La mythique cité de Tombouctou, au nord du Mali, est réputée pour sa multitude de mausolées, mais aussi pour ses bibliothèques séculaires contenant de vieux et précieux manuscrits. L’une de ses fameuses bibliothèques, connue à l’échelle internationale, est celle de Mohamed Tahar, un héritage qui se transmet depuis trois siècles. 

Elle compte actuellement un peu plus de deux mille manuscrits, écrits essentiellement en langue arabe, mais il en existe également d’autres en langue tamashek, en songhaï, en hassanya et en peul. On y trouve un peu de tout. 

Des documents de jurisprudences, de médecine, d’astrologie, de grammaire et aussi des actes de mariage, de vente et achat, d’héritage, d’échange des esclaves, etc. Les plus anciens datent du XIVe siècle.
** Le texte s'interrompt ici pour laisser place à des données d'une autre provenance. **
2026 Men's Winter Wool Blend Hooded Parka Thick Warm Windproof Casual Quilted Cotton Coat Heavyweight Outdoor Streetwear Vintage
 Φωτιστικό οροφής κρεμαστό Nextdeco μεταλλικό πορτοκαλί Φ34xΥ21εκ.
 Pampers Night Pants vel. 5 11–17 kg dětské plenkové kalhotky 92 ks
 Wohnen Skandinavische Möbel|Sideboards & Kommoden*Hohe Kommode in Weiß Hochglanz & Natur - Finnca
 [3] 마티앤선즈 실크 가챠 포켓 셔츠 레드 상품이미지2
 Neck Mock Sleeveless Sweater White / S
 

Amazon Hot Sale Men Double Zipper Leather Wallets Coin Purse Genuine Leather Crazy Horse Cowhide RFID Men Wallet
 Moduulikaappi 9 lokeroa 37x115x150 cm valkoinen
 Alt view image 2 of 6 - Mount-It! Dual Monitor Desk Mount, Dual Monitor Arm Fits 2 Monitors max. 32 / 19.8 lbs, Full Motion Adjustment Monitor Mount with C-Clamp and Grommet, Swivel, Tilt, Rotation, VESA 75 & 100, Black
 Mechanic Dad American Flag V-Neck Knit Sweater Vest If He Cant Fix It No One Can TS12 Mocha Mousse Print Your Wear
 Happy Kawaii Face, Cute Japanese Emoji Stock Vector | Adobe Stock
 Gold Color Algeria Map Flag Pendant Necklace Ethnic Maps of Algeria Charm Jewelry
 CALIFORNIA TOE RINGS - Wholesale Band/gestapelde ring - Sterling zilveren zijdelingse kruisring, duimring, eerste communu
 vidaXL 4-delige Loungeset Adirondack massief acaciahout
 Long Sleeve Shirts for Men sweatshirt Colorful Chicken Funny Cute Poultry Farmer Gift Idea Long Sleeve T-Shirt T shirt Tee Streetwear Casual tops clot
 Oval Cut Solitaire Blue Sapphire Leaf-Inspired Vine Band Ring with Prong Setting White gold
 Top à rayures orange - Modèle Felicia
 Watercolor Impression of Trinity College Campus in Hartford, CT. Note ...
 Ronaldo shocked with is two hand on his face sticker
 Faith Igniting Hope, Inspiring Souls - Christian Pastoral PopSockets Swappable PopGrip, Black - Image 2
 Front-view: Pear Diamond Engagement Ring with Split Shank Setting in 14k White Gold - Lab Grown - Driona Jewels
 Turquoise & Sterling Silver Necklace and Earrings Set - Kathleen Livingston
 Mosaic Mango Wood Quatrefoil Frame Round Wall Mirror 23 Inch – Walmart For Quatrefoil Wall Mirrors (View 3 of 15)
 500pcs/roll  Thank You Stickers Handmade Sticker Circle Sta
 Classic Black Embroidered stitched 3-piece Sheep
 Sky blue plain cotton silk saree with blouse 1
 «Au XVIIe siècle, un membre éminent de ma famille, connu sous le nom de Moulaye Ibrahim, s’installa à Arawane, une oasis sur la route du commerce transsaharien. La bibliothèque a été fondée par la suite, par l’un de ses fils, Moulaye Sidi Mohamed Cherif, puis confiée à un frère de ce dernier, Sidi Talibna. Elle porte aujourd’hui le nom de Mohamed Tahar, fils de Cherif, arrière-petit-fils de Moulaye Ibrahim», dira Abdoul Wahid Haidara, l’actuel propriétaire et directeur de la bibliothèque. Et d’ajouter : «Mohamed Tahar était le premier de la famille Moulaye Ibrahim à s’installer à Tombouctou. Il fut un faqîh (spécialiste de la jurisprudence islamique), réputé de la ville de Tombouctou et jouissait de la confiance des cadis et de tous les commerçants de la ville. Il avait conservé des nombreux documents juridiques en plus des manuscrits de grande valeur.»
 

Pour notre interlocuteur, les manuscrits de sa bibliothèque revêtent d’une grande importance. Ils sont un lien avec les ancêtres, une source de connaissance, une base de recherche scientifique et une source de paix et du vivre-ensemble. «Il existe des écrits en tamashek (une branche de tamazight) sur beaucoup de marges des manuscrits avec l’alphabet arabe, soit pour la traduction ou pour l’explication des mots en langues étrangères. Il existe d’autres bibliothèques à Tombouctou riches en manuscrits en Tamashek», confie-t-il. Abdoul Wahid revient sur les relations entre l’Algérie et Tombouctou à travers les manuscrits.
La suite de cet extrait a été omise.